Since its launch, PrimaryMarkets has been used to sell a range of securities, including shares in privately owned companies, units in unlisted property trusts and unlisted share options.
Unique users on the site cracked the 10,000 mark in July with about 40 per cent of the devices accessing the site overseas.
 
Judging from the site’s web traffic there are potential or existing users in the United States, Russia, Britain, China, Hong Kong and India, according to Google Analytics.

 

Maverick streak

The smart money has already twigged to the good sense in having a platform for unloading stock in companies that are not listed on an exchange. The benefits apply to those using the site and those who have invested in it.

An example of the stock being traded on the site is the sale of about $10 million of shares in Tyro Payments, the EFTPOS payments company taking on the big four banks.

Tyro, founded by German tech entrepreneur Jost Stollmann and backed by Atlassian co-founder Mike Cannon-Brookes, had some shareholders who wanted to cash out. The sale confirmed the company’s valuation of $380 million.

Investors in PrimaryMarkets include fund manager John Murray, stockbrokers James Green, Peter Gray and Chris Macdonald, Clearview chief executive Simon Swanson and PrimaryMarkets directors Peter Curry and Brett Spork. Another shareholder is Philip Reicherz, who many years ago co-founded a US platform for trading unlisted securities called SecondMarket, which is famous for trading $US500 million of shares in Facebook before its IPO.

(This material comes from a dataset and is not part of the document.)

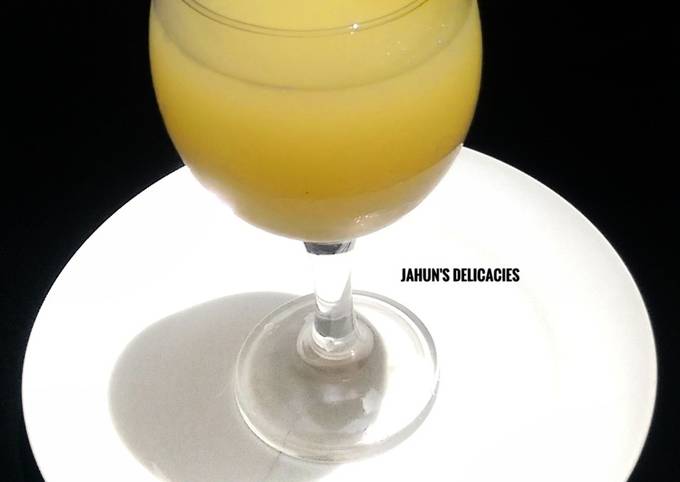 Recipe of Homemade Ginger Drink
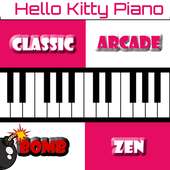 Hello Kitty Piano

Solomon first showed his maverick streak back in May 1992 when he launched a successful campaign to unseat the board of Westpac Banking Corp.

“The Westpac board treated their shareholders as fools, and lost market confidence by their negligence and ineptitude when they failed to accept responsibility for their errors until they were confronted with a full board spill,” says Solomon.

The maverick mindset

Solomon’s career as an entrepreneur in media, property and mining began in the same year as the Westpac imbroglio.

He and his late brother, Greg, founded East Coast Pay Television, which they sold to Austar/Foxtel for $140 million in 1998. At one stage, East Coast Pay Television owned one of only two satellite licences (A licence) for Australia, having beaten Rupert Murdoch and Kerry Packer to the punch.

His purple patch in mining was in 2014 when he sold Endocoal to a Chinese state owned enterprise for $75 million and Carabella to a Chinese billionaire for $80 million. He was a founding shareholder in both companies.

When asked the secret of being an entrepreneur, he says: “I don’t believe one ever learns to be an entrepreneur. Rather it’s a career path that you are more content to travel instead of trying to climb the corporate tree.”

During his career, Solomon has had three mentors: his father, his brother Greg and an Indian prince who taught him the “747 rule of business: that you put as much work into selling a 747 as you do selling a Morris Minor – and which one brings you more success?”